Knowledge of Verdiana and her life comes from two hagiographies, one from the fourteenth century and the other from the fifteenth. The first was redacted around 1340 and attributed to Biagio, a monk and perhaps abbot of the Vallombrosan convent of Santa Trinita in Florence during the first half of the fourteenth century. Very little else is known about him other than the fact that around 1340 he collected and assembled from preexisting materials a compendium of the lives of saints venerated in Florence and Tuscany, now contained in the Biblioteca Medicea Laurenziana.

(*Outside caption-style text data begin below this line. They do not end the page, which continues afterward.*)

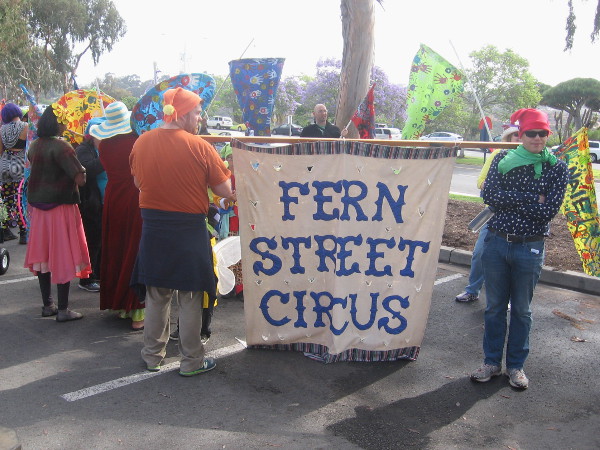 San Diego's own Fern Street Circus has gathered for the parade holding colorful banners.
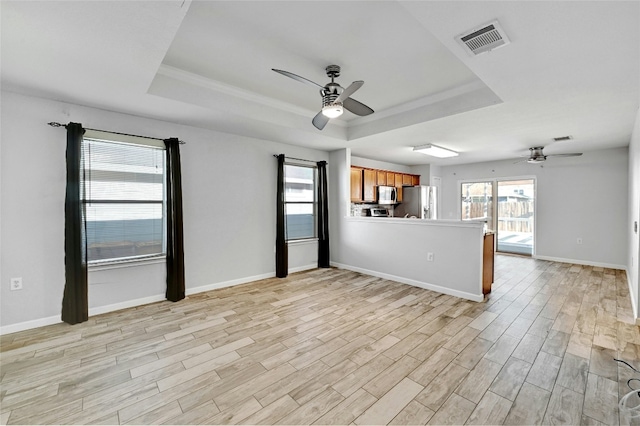 unfurnished room with a tray ceiling, plenty of natural light, ceiling fan, and light wood-type flooring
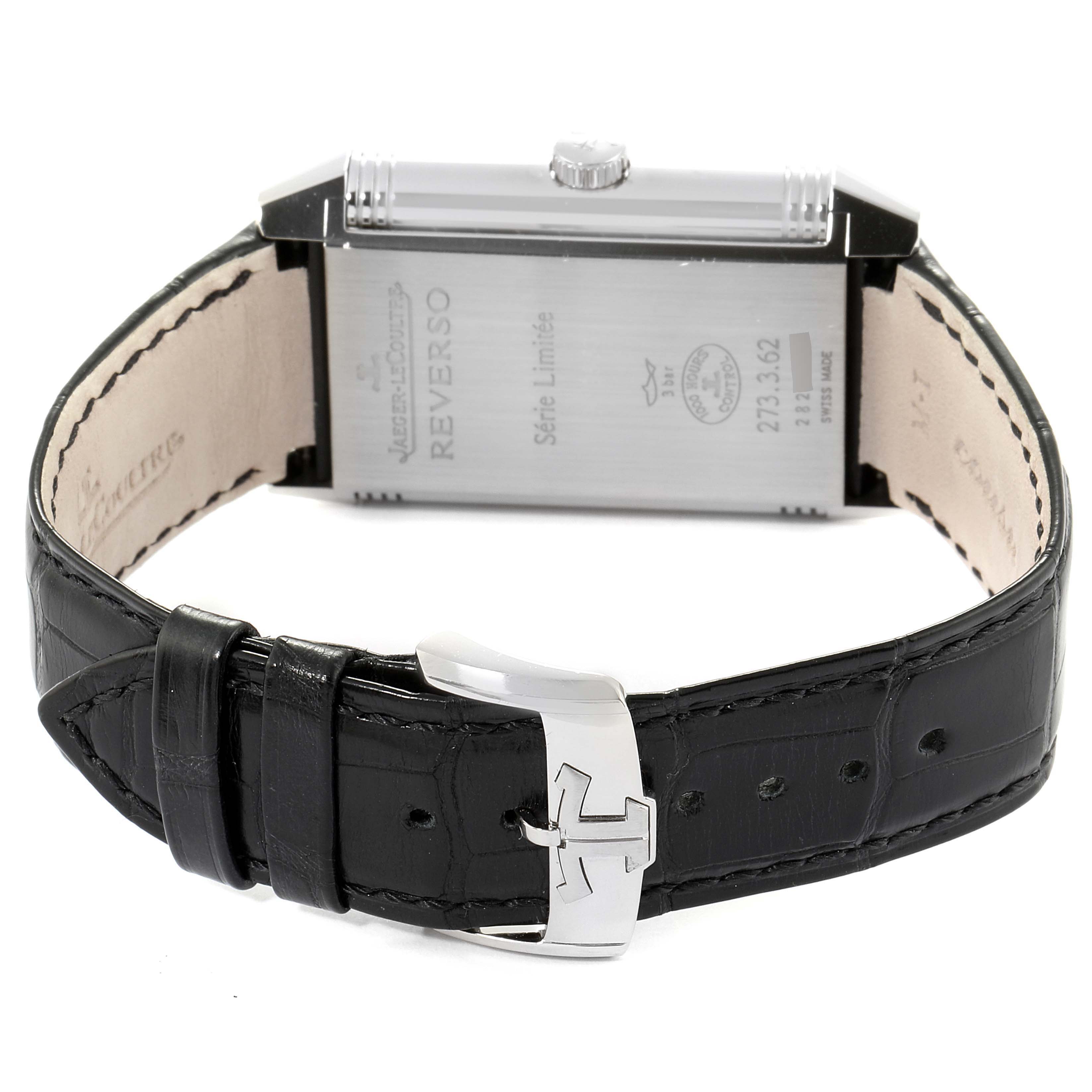 The image shows the back case and leather strap with buckle of the Jaeger-LeCoultre Reverso watch, including the model details.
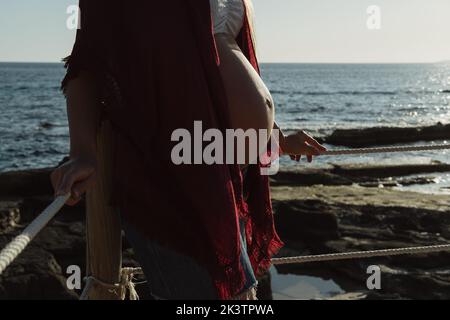 Beschnittenes, nicht erkennbares, schwanger Weibchen mit Hut, während sie in der Nähe des Zauns gegen Meer und blauen Himmel stand, während sie sich am Sommertag an der Küste ausruhte Stockfoto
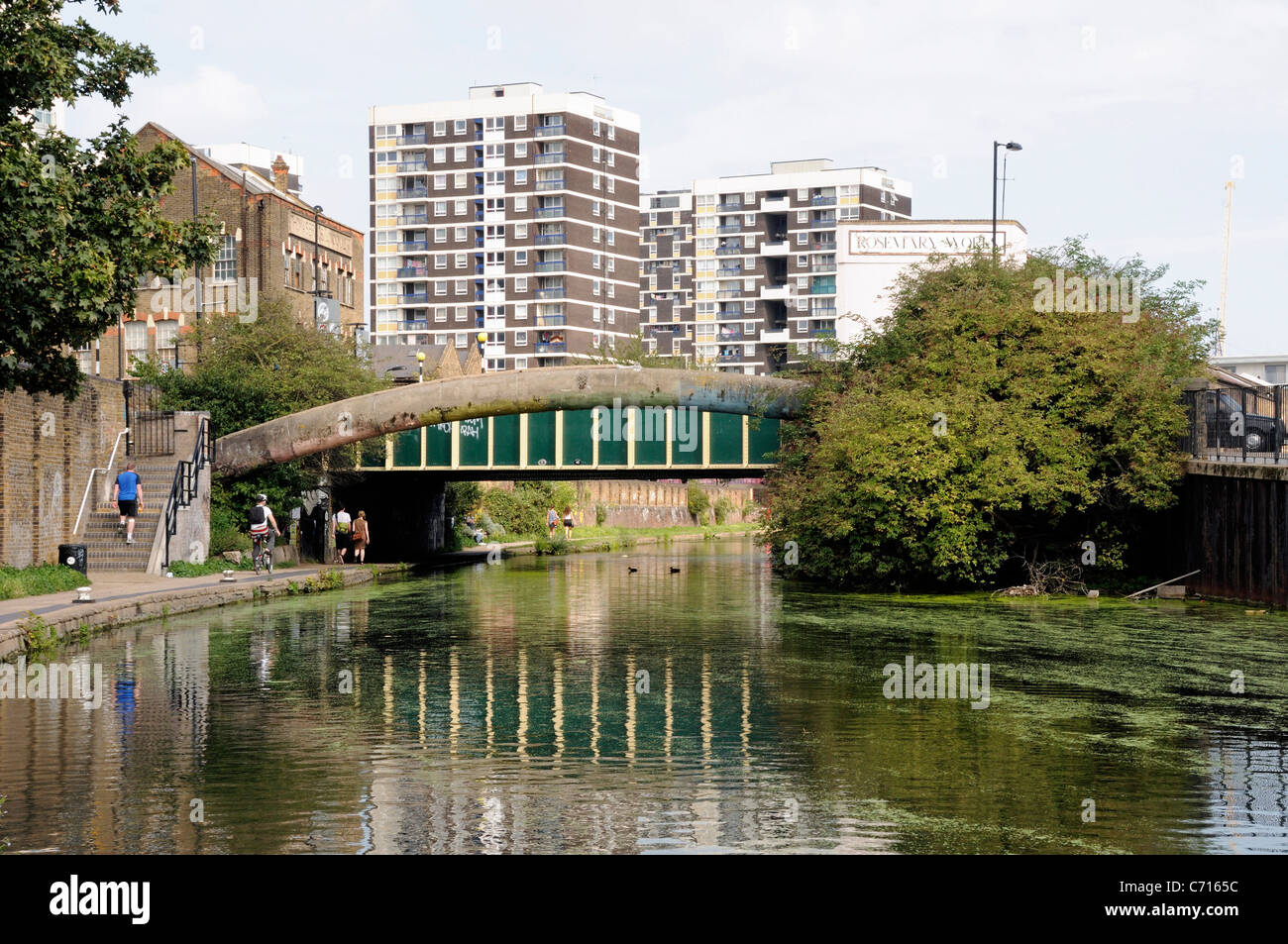 Brücke über die Regents Canal mit Menschen am Leinpfad und Wohnungen hinter Hackney London England UK Stockfoto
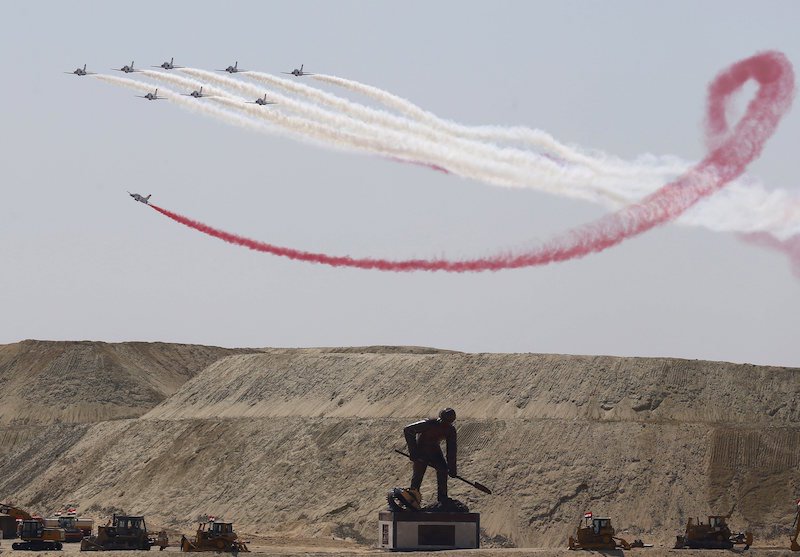 Egyptian Air Force planes performing stunts above a statue of a worker digging at the opening ceremony of the New Suez Canal in Ismailiya (Reuters/Amr Abdallah Dalsh)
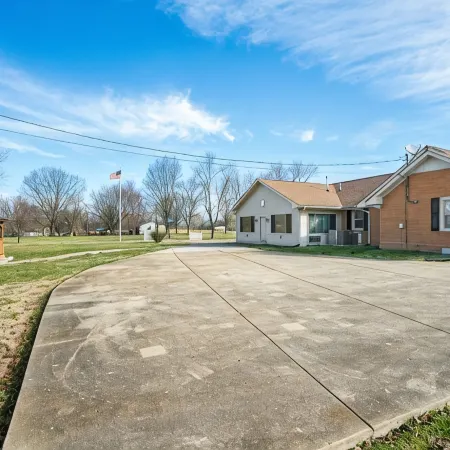Country Living at Its Best, with a Beautiful Stocked Pond to Fish IN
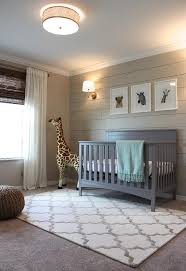 It paints a soothing and calming atmosphere to the room and gets an uplift with the geometric patterns on the walls and fabrics. Beige And Gray Boy Nursery With Beige Shiplap Accent Wall Transitional Nursery Sherwin Williams A Nursery Room Boy Baby Boy Room Nursery Grey Nursery Boy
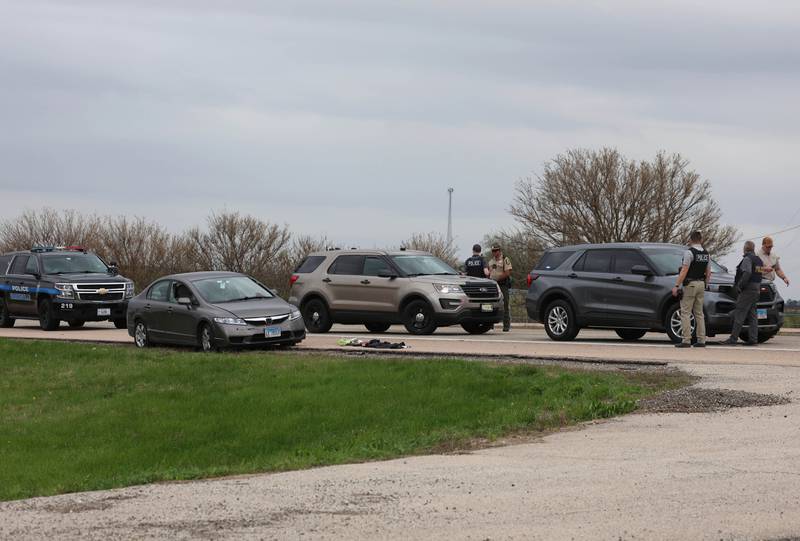 Law enforcement officials gather around a Honda sedan with a shattered window Monday, April 27, 2026, during an investigation on Interstate 88 just west of Keslinger Road in Maple Park.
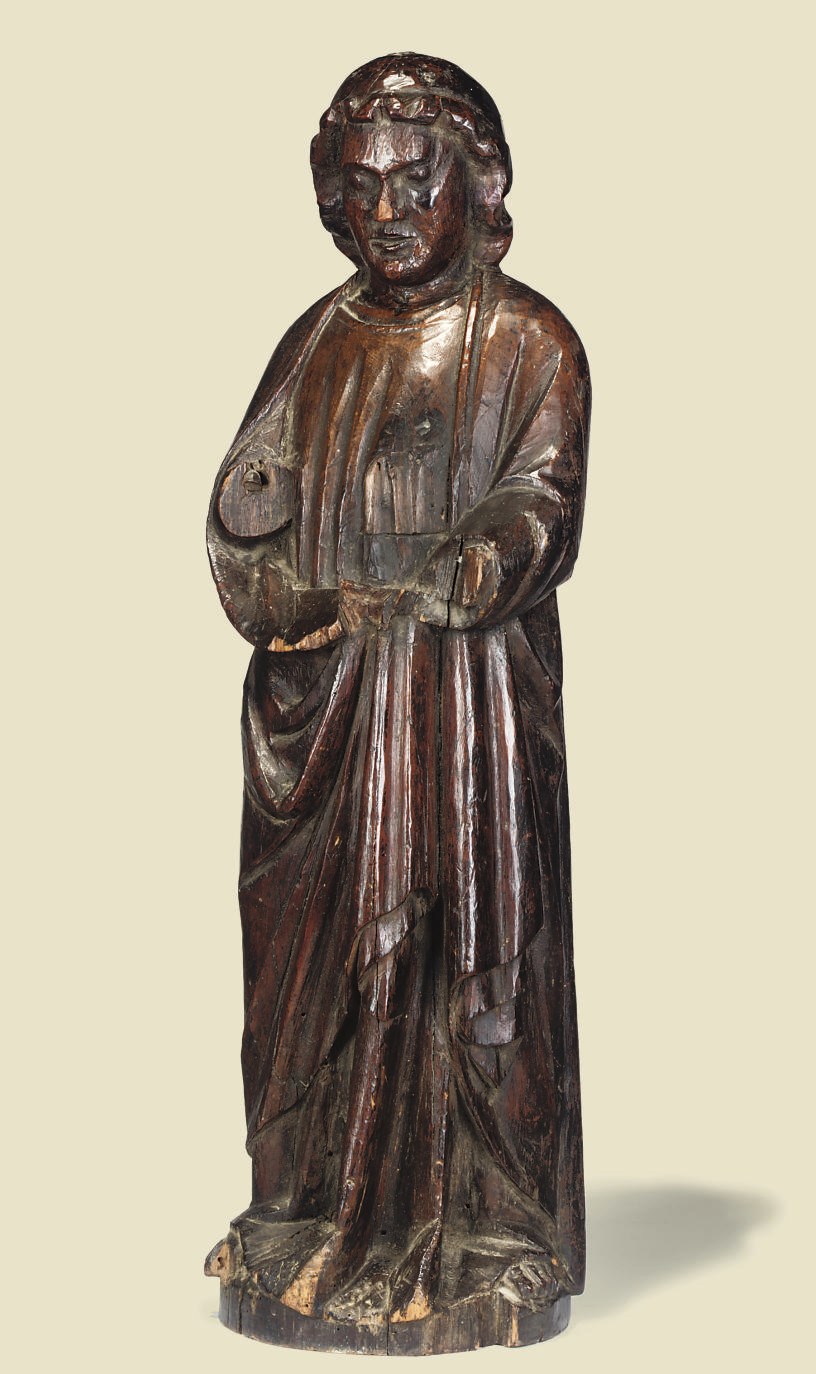 A NORTHERN EUROPEAN CARVED WOOD FIGURE OF A SAINT
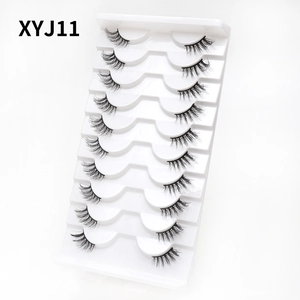 Close-up of 10 pairs of natural criss-cross cat eye false eyelashes in a white tray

Verdiana’s second hagiographer, Lorenzo Giacomini, was a native of Castelfiorentino born circa 1369. He entered into the Dominican order in Florence in 1383, and after acting as a lettore for many years in various convents, including those of the Roman and Lombard provinces, he was made bishop of Acaia in 1413 by Pope John XXII. It is thought to be shortly after this time, around 1420, that he wrote a new vita in deference to his native city and to his particular devotion to Verdiana. His account borrowed faithfully from Biagio, though Giacomini sought to enrich it with miracles and information on the cult and translations of Verdiana known from contemporary traditions and his own experience. It is this version, erroneously attributed to Bishop Attone of Pistoia, that appears in the Acta Sanctorum. Because of the two vitae, it is possible for scholars to compare Verdiana’s hagiographically “typical” life in Biagio’s earlier vita and the greater emphasis on Verdiana’s connection to the community of Castelfiorentino in Lorenzo Giacomini’s.